Elon Musk already has his blacklist. The tycoon has asked those in charge of the various Twitter departments to identify the most valuable people and those that he could do without by default. With this information, the company’s new owner is finalizing plans for aggressive downsizing. The Bloomberg agency and media outlet Insider said on Wednesday evening (early Thursday morning in Spain) that Musk plans to lay off 3,700 employees, almost half of the company’s 7,500 employees.
The cut doesn’t reach the 75% he achieved in meetings with an investor and later denied on a visit to Twitter, but nothing guarantees this is the end of the road. On the other hand, hundreds of employees have already left the company in recent months with the prospect of Musk becoming their new boss.
The billionaire and his team intend to notify affected employees on Friday, according to the Bloomberg sources, who asked not to be identified. With Musk’s fickle nature, nothing is guaranteed until it happens, and the number could vary. Multiple sources have told US media that he was planning to start the layoffs last week and, apart from a few specific cases, they then didn’t happen.
Goodbye telecommuting
Musk also intends to reverse the currently widespread telecommuting policy, which allows employees to do their jobs from anywhere, and will introduce face-to-face offices, although some exceptions could be made. The employer has never been a proponent of teleworking. At Tesla, he sent a message to employees warning them to spend at least 40 hours a week in the office. Only when these hours are completed does the employer allow employees to work remotely. “If you don’t show up, we’ll assume you’ve resigned,” he wrote.
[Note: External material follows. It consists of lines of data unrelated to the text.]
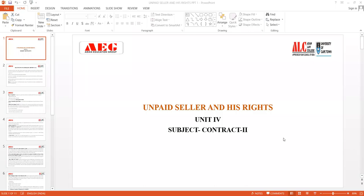Good morning to the students. Let's begin our next topic under Unit 4, which talks about unpaid seller and his rights. We have divided the lecture into two parts. In this lecture I will deal with the first right of the unpaid seller, and in the next lecture I will deal with the second right.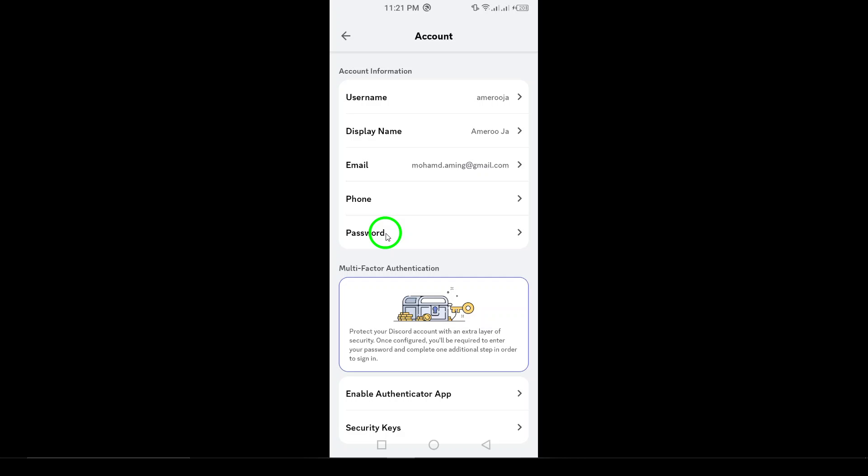And that's it. You've successfully removed your phone number from Discord. If you found this video helpful, don't forget to like and subscribe for more useful guides.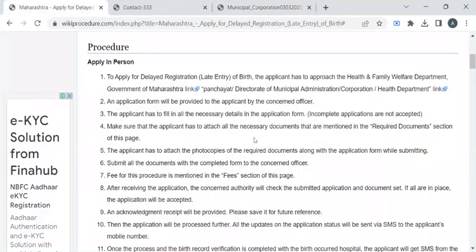Now you can reach out to the respective office and approach the officer for the application form. Then attach the required documents to the form and submit it to the counter.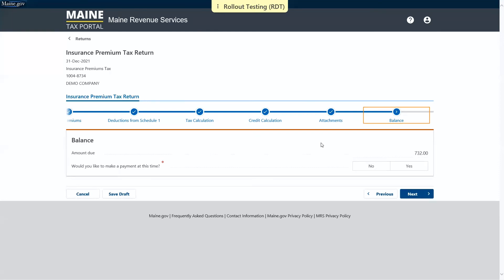Next is the balance page. Based on the information we've entered, we have an amount due. And we're asked if we'd like to make a payment at this time. We're going to say yes.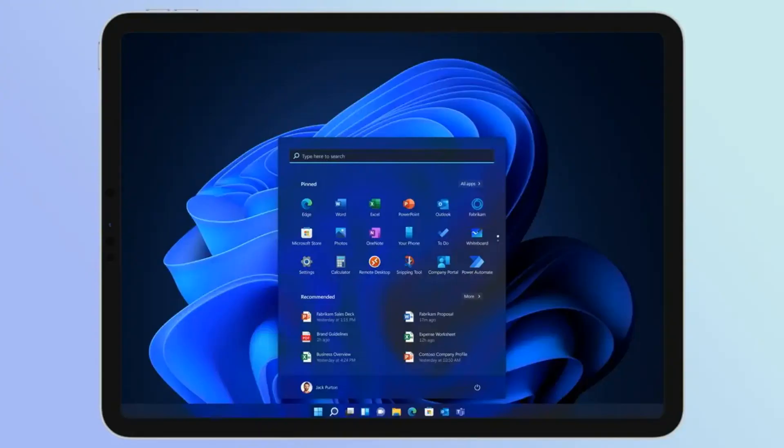Now, we're not saying you should go out and buy an iPad Air just to run Windows 11. There are plenty of other options out there that might be more practical. But what this achievement does show us is the incredible power of human ingenuity and creativity when it comes to technology.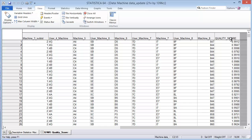We could do an SPC chart of this data. What I'd like to set up and motivate here is that we could take the average of this quality score data and then plot a time series by day.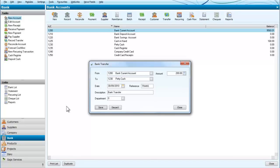So I'm going to save that. And you can see here that we now have £200 in the petty cash account.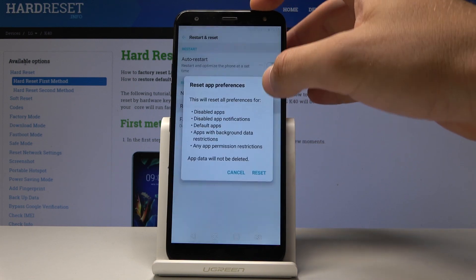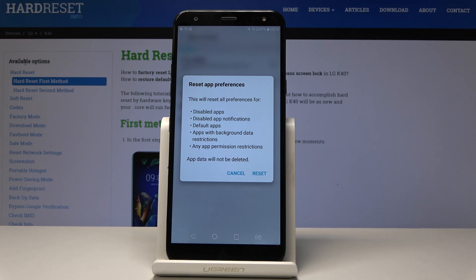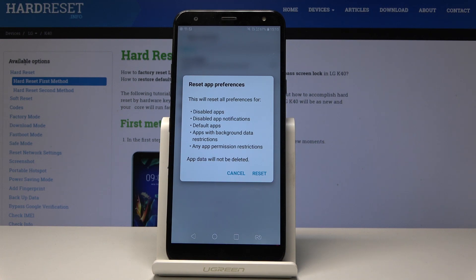Choose Reset App Preferences. This will reset all preferences for disabled apps, disabled app notifications, default apps, apps with background data restrictions, and any permission restrictions. What's really important: app data will not be deleted.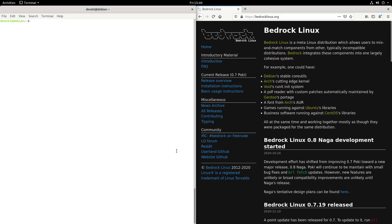Hi, I'm Denshi, and today we're going to be taking a look at Bedrock Linux, a meta Linux distribution that allows you to mix and match components from other distributions and install them to your system.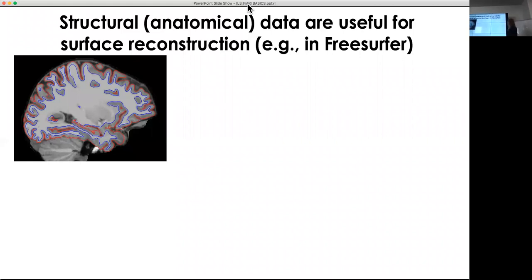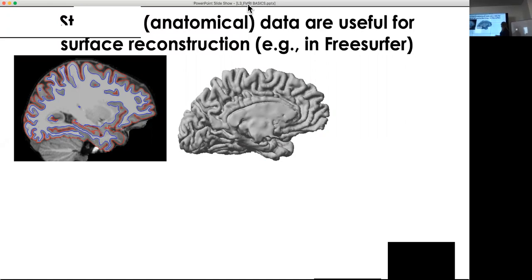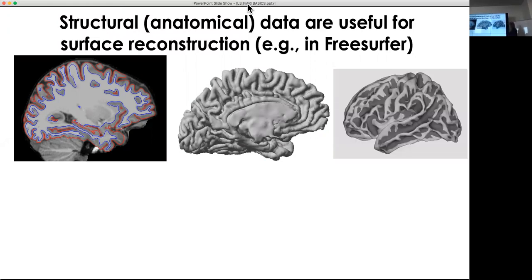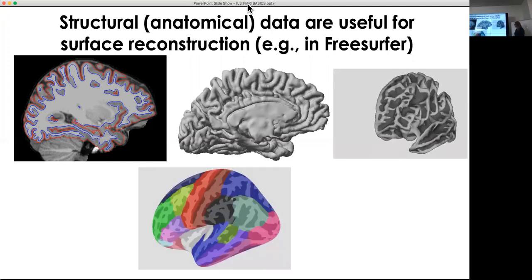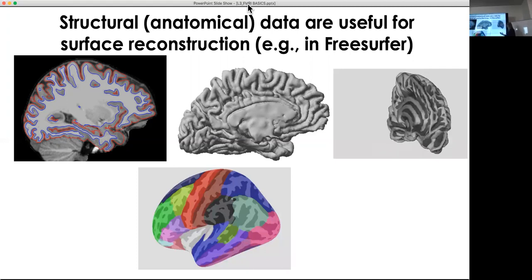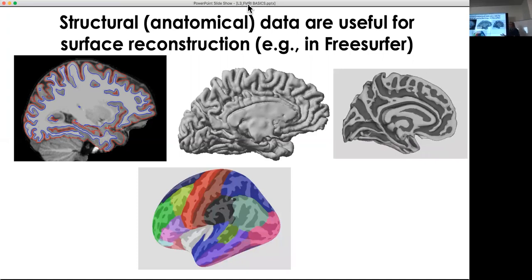Anatomical data is useful for surface reconstruction. We can use FreeSurfer to segment the brain — separating white matter from gray matter — and reconstruct the brain surface. This gives us the pial surface and the white matter surface, showing sulci and gyri. FreeSurfer also comes with atlases and different parcellations, which are different brain regions connected in some way — a neuroanatomical parcellation of the brain.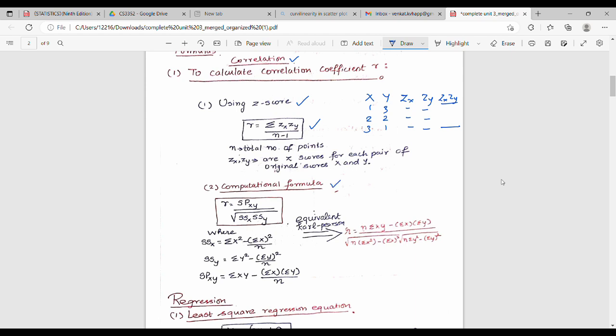The second formula is the computational formula. r equals SP(xy) divided by the square root of SS(x) times SS(y). Where SS(x) equals summation of x-squared minus (summation of x) whole squared divided by n. SS(y) equals summation of y-squared minus (summation of y) whole squared divided by n. SP(xy) equals summation of xy minus (summation of x times summation of y) divided by n. Both foreign author and local author formulas give the same answer — maybe 0.01 to 0.02 variation.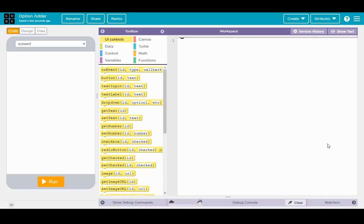Welcome students. Today we're going to be taking another look at App Lab, this time involving a data structure called a list.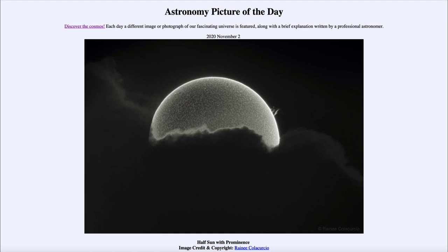That is apod.nasa.gov/apod, and today's picture for November the 2nd of 2020 is titled 'Half Sun with Prominence.' What do we see here? We see just a portion of the sun — not because it's being eclipsed by the moon, which is often a reason we see just part of the sun, but in this case it is being blocked out by clouds.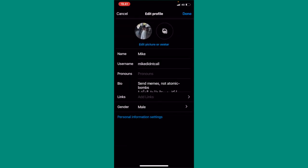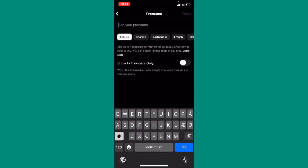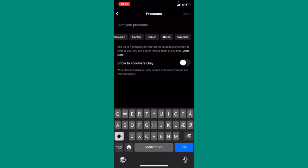From here you need to click on pronouns. You can click on that, and as you can see here you can choose any of these options. You can show them to your followers only or to anyone going into your account.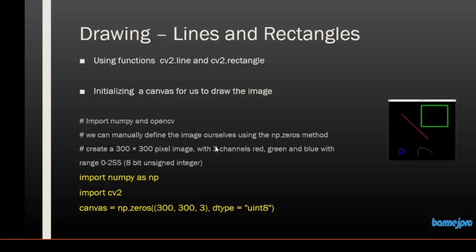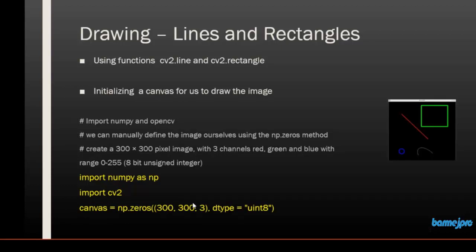Unlike our previous example, we will not be importing an image — we will be creating our own canvas, so we will be changing the code. We will import the numpy library and define an alias as np so that we don't have to type numpy again and again. We will also import OpenCV just like in the previous example, and we are going to create a new canvas with the dimensions, channels, and each channel with a range of 0 to 255, which is an 8-bit unsigned integer.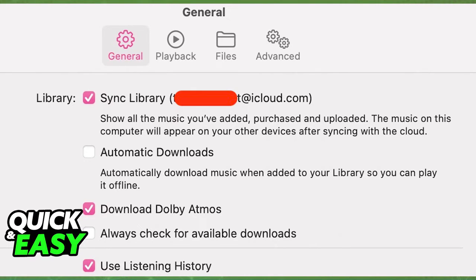When you untick this box and select OK to save the changes, they will be applied automatically and your library will no longer be synced to the email that you use on the Apple Music app. Afterwards, you can resume using any songs you want on your iOS devices.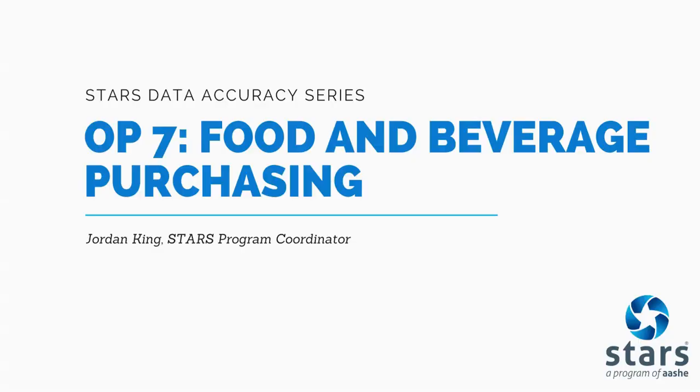Thank you for watching. If you have any questions, please post in the STARS community or reach out to stars at aashe.org. We're happy to help. Thanks and best wishes on your STARS journey.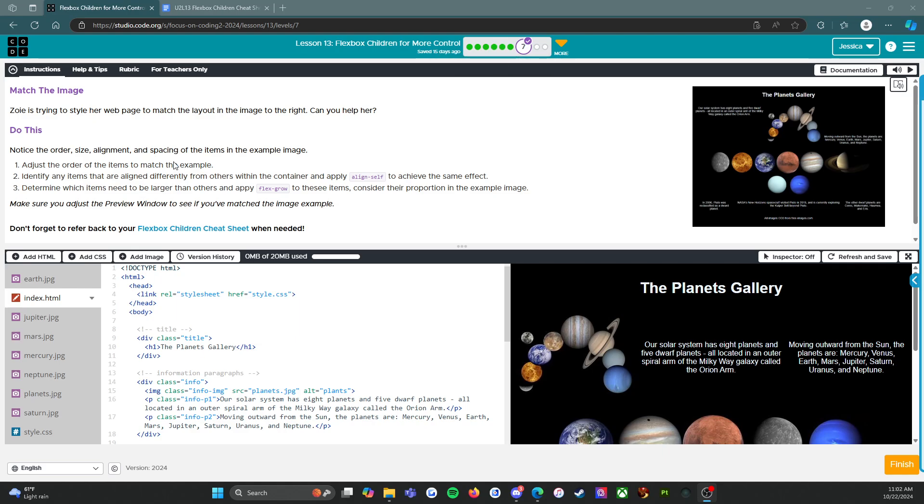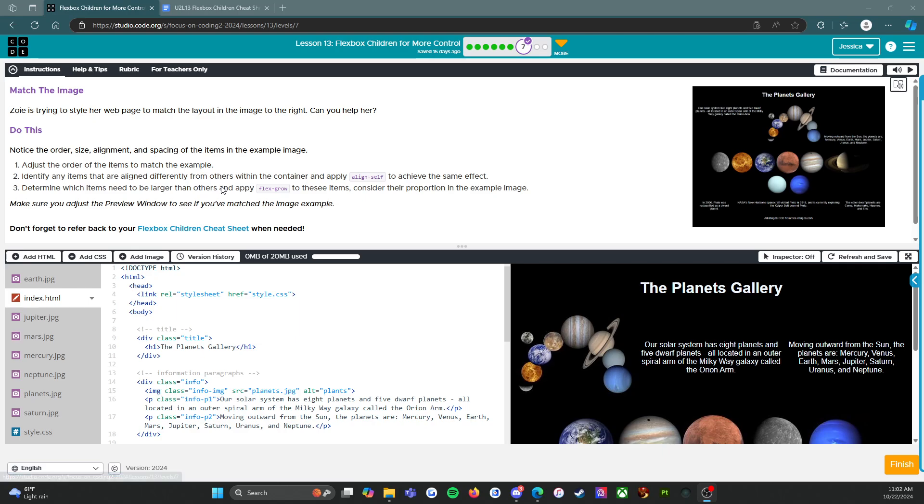This is an assessment level, and I know that because of the purple checkmark right here. So we're going to go through and read the instructions, read the rubric, and talk about some tips and tricks. Then I'm going to let you give this a try, because that's what an assessment is - I want to see how well you can do this.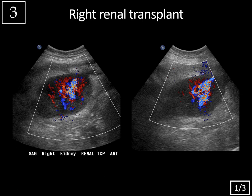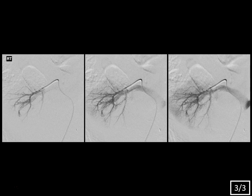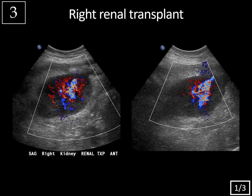Case 3: renal ultrasound, history of right renal transplant. You might be thinking this looks like the previous case — and there is a very similar color Doppler appearance with turbulent multi-directional flow causing a visible thrill and tissue reverberation in the surrounding parenchyma — but bear with me, this is a little different. The clue here is that this is a renal transplant.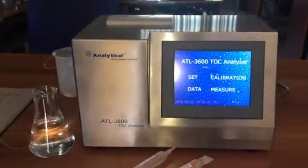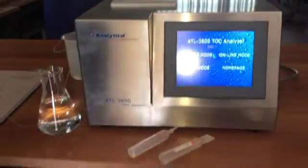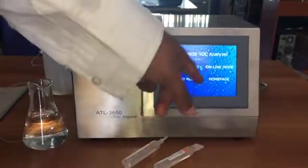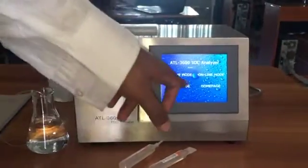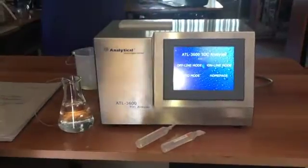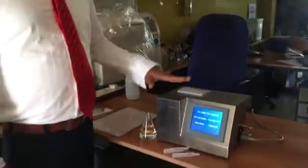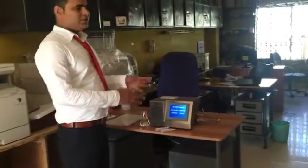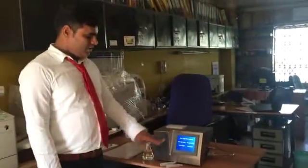To do a measurement of TOC you have to press Measure. In the Measure menu you again have four screens: one is Offline mode, Online mode, and Auto mode. This is a great feature of our TOC analyzer — the same unit can be used for online, offline, and automatic modes. No need to change any parameters or modules; this is completely automated for all modes.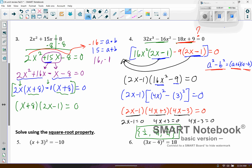Running a bit short on room, but if you set each factor equal to zero: the first one gives x equals negative 8. And for 2x minus 1 equals 0, you add 1 and divide by 2, so you get x equals one half. So negative 8 and one half are my two solutions for that one.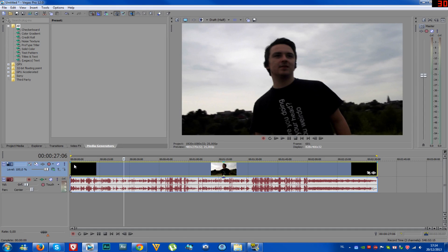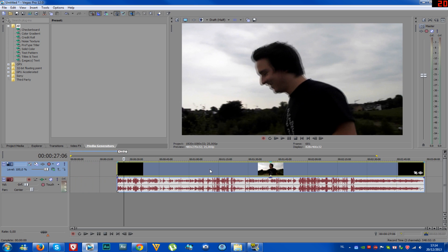What's up guys, it's Alex Rotter here once again with another Sony Vegas Pro 12 tutorial, and today we're going to talk about how to split and group your videos, clips.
By downsizing, Musk is attempting to lower costs for the company, which has typically been in the red and not generating enough cash to pay interest on the hefty $13,000 million in debt the company is raising itself as part of the financing took over the operation with which the tycoon and his partners bought the social network for around 44,000 million euros.
The company also faces a possible loss of advertising revenue. General Motors has announced that it will suspend its advertising on the network, L’Oréal has made the same decision, according to the Financial Times, and many others are waiting for the possible exodus of the network, where racist, sexist and homophobic messages are contained, to explode once the purchase is completed is before the content moderation policy was changed.
Musk has said those whose accounts are suspended will not be able to return to the network for a few weeks after the November 8 general election in the United States. The new owner has announced that it will entrust an expert council with the new content moderation policy, but neither its composition nor the deadline it must have to complete its work have been disclosed.
In addition, Musk wants to increase subscriber revenue and has announced that it will set a monthly fee of $8 for the blue tick, among other benefits. That provoked some reactions. One of the first to criticize the collection plans was writer Stephen King: “You should pay me,” he said. Now, Elon Musk has pinned a response to Democratic Congresswoman Alexandria Ocasio-Cortez on his profile: “It kicks my ass to see a billionaire trying to sell people the idea that ‘freedom of speech’ actually exists plan is. $8 per month subscription fee,” the policy wrote. “Your comments are appreciated, pay $8 now” replied Musk.
Your feedback is appreciated, pay $8 now
— Elon Musk (@elonmusk) November 2, 2022
When Musk took control of the company last Thursday, he fired much of the management team, including CEO Parag Agrawal, CFO Ned Segal, chief legal officer and content moderator Vijaya Gadde, and council secretary Sean Edgett. There were more departures in the days that followed, including Marketing Director Leslie Berland, Client Director Sarah Personette, and Jean-Philippe Maheu, Vice President of Global Client Solutions.
In the operation’s brochure, it appeared that Agrawal had a shield, or “golden parachutes,” as the document called it, of just over $60 million. In addition, Segal is said to have been armored at $46.4 million; Gadde with 21 million and Personette with another 20 million. There may have been some other armored managers. Musk will likely try to avoid paying those amounts by demanding fair layoffs, so the matter could end up in court.
There is no way that the vast majority of employees who are laid off will receive such generous compensation. In one of the scenarios studied, workers would be offered 60 days’ wages, according to sources cited by Bloomberg.